▸ **SUPPLIED DATA**:
==*==

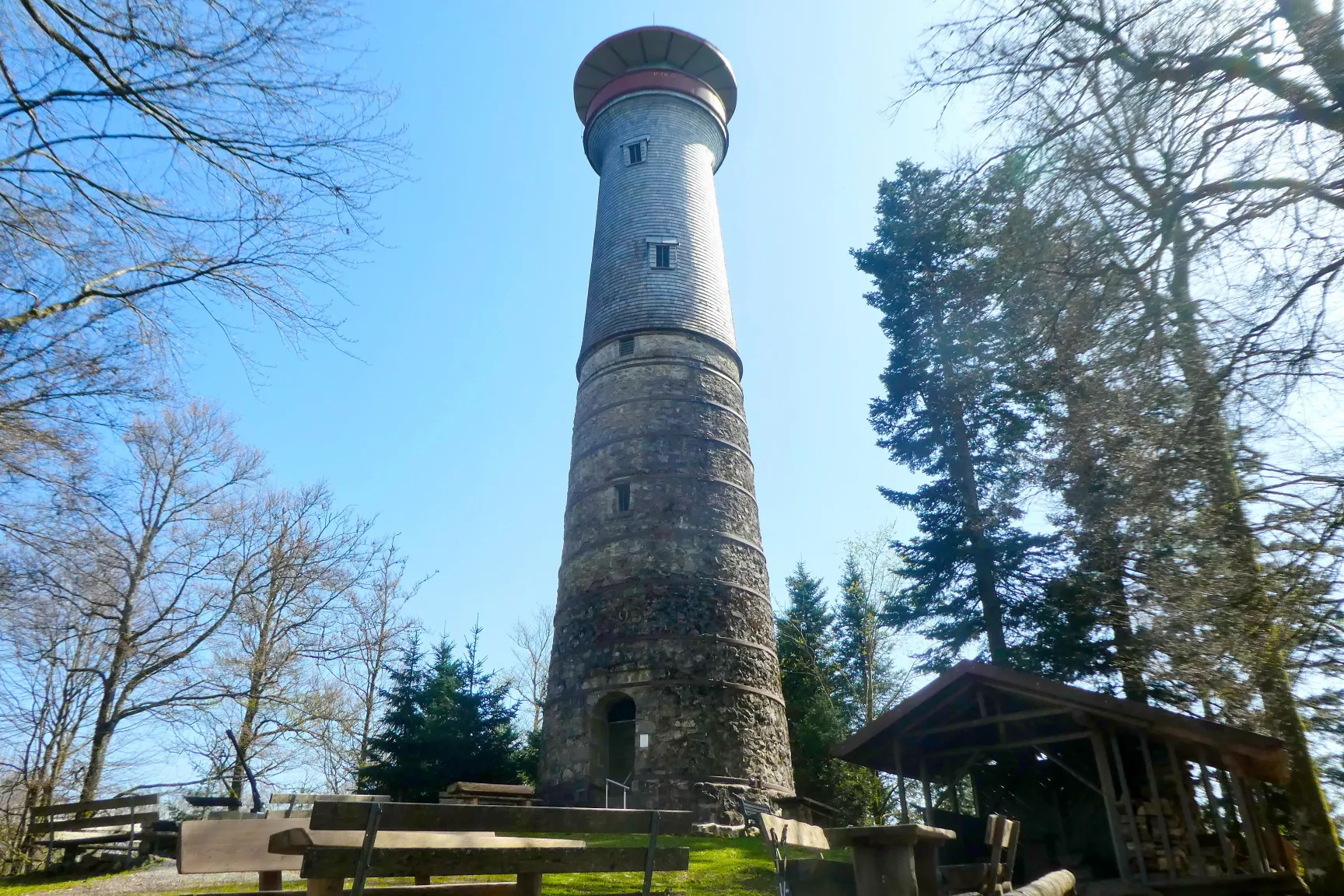 Aussichtsturm Hohe Möhr bei Schopfheim
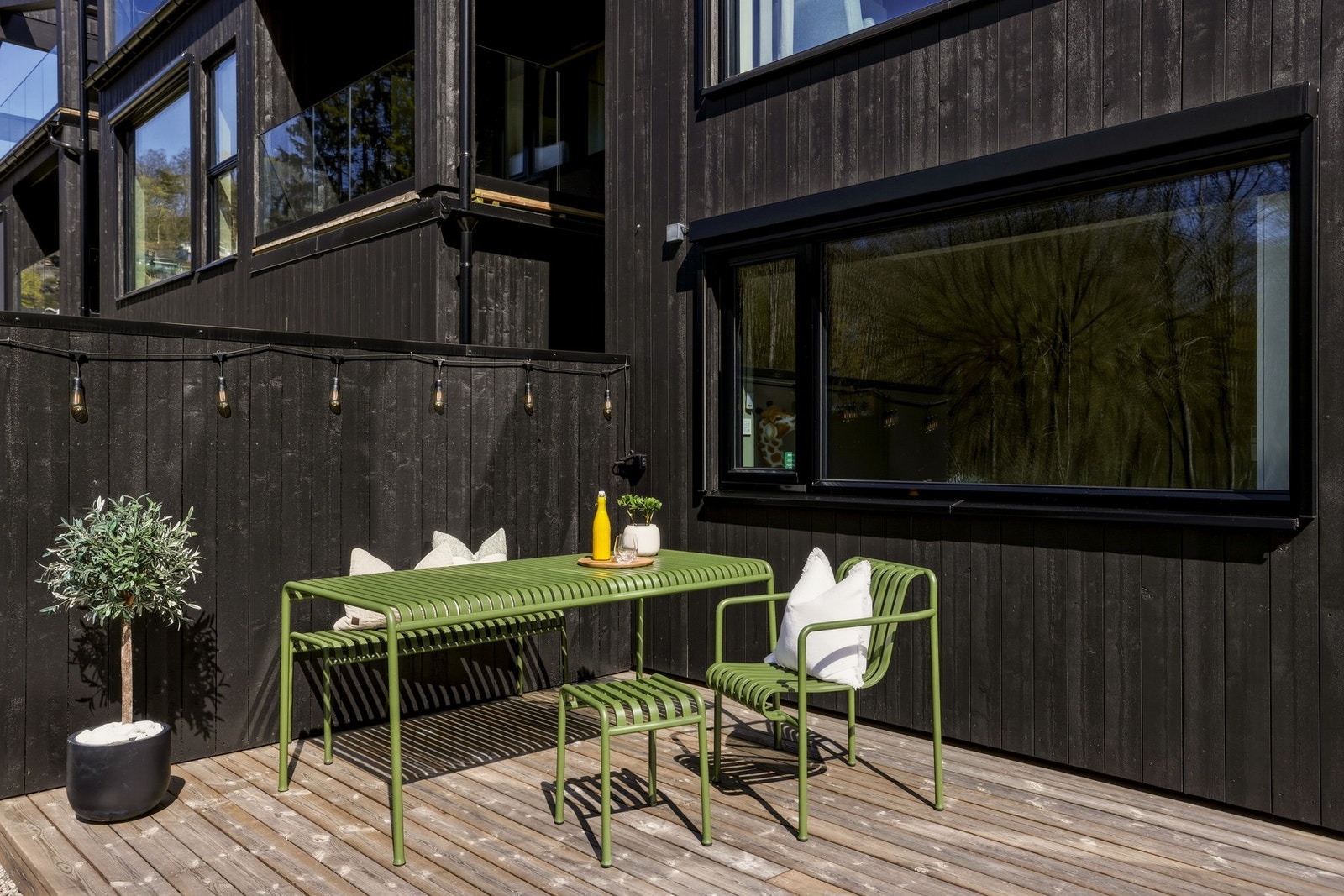 Her får du flere flotte uteplasser på alle plan med god plass til møblering. Galleribilde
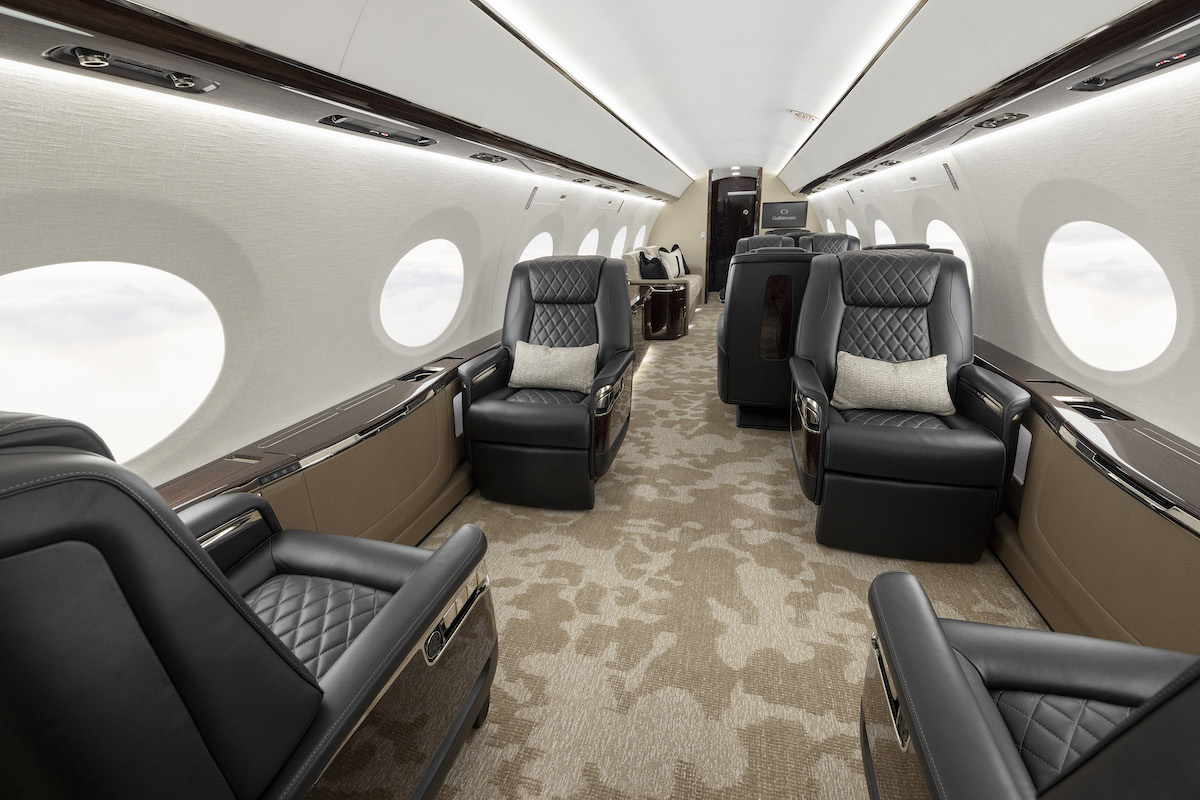 First-Outfitted-Gulfstream-G800-Takes-Flight.20241202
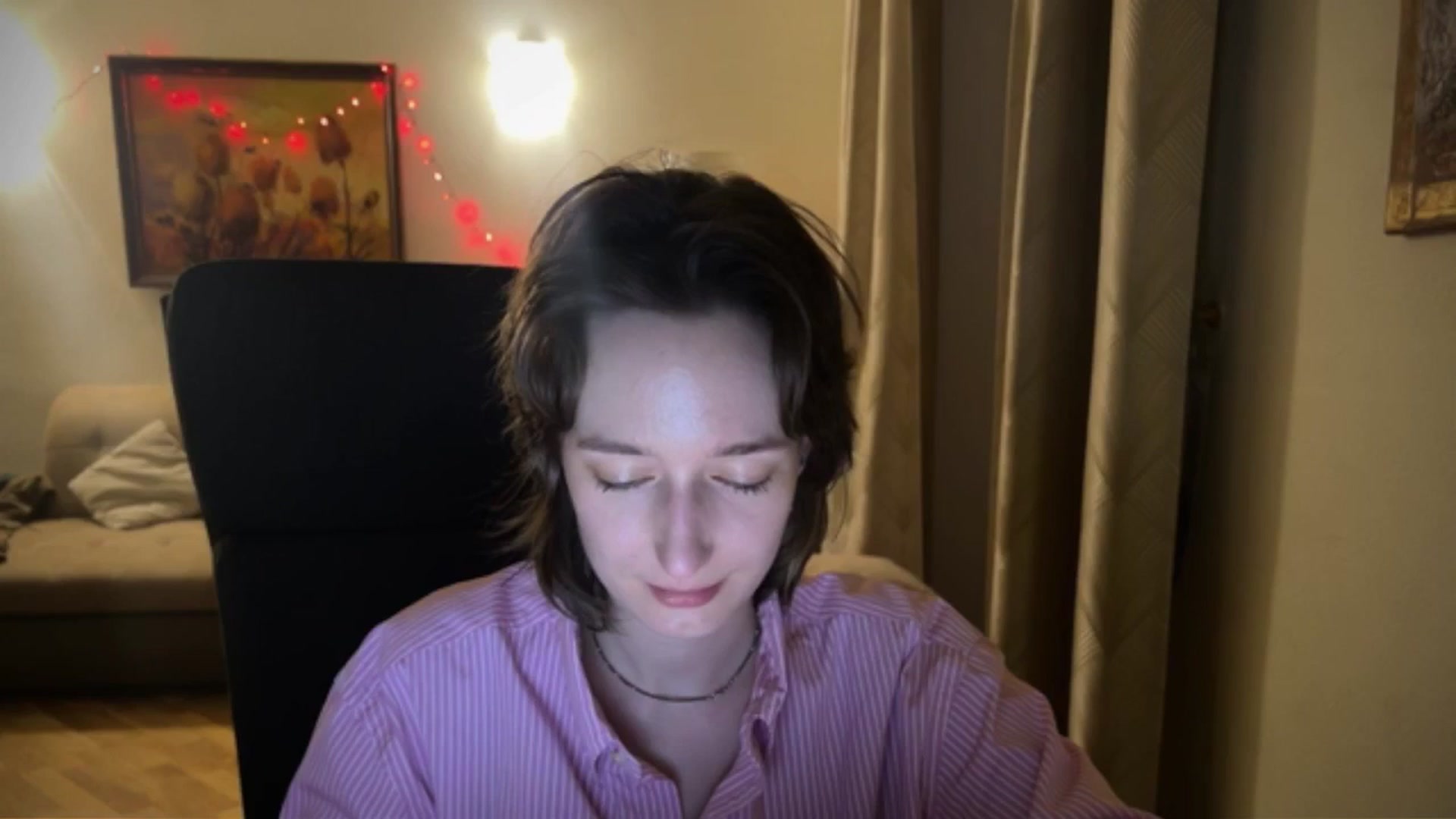 Gallery image thumbnail from LoooneyTunes's myfreecams stream on, 03/11/2026, 24:00 image 14 of 20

==*==

▸ **DIRECTIONS FOR THIS TASK**: No pictures should appear in the copy. Reproduce exactly the lines from the line containing "Her får du flere" through the last line of the data, inclusive.

▸ **EXERCISE RESULT**:
 Her får du flere flotte uteplasser på alle plan med god plass til møblering. Galleribilde
 First-Outfitted-Gulfstream-G800-Takes-Flight.20241202
 Gallery image thumbnail from LoooneyTunes's myfreecams stream on, 03/11/2026, 24:00 image 14 of 20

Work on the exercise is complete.